◆ Instructions to follow
Nothing but the lines from the one with "JTME6RFV2RD561513 2024 TOYOTA RAV 4" through the end of the data should be set down, each exactly as written, and no picture should be included.
*** The data Section Begins ***
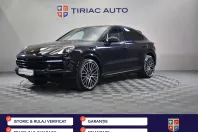 Porsche Cayenne Coupe din 2020 cu 59.949 km - oferta POR202356 - foto 1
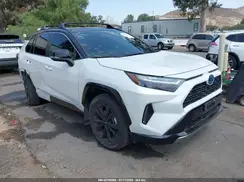 JTME6RFV2RD561513 2024 TOYOTA RAV 4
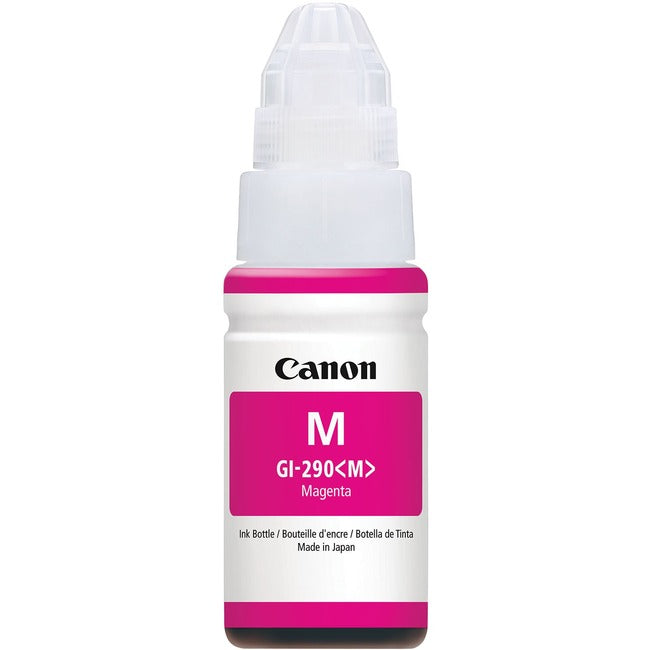 Canon Gi-290 Magenta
*** The data Section Ends ***
◆ Solution to this task
 JTME6RFV2RD561513 2024 TOYOTA RAV 4
 Canon Gi-290 Magenta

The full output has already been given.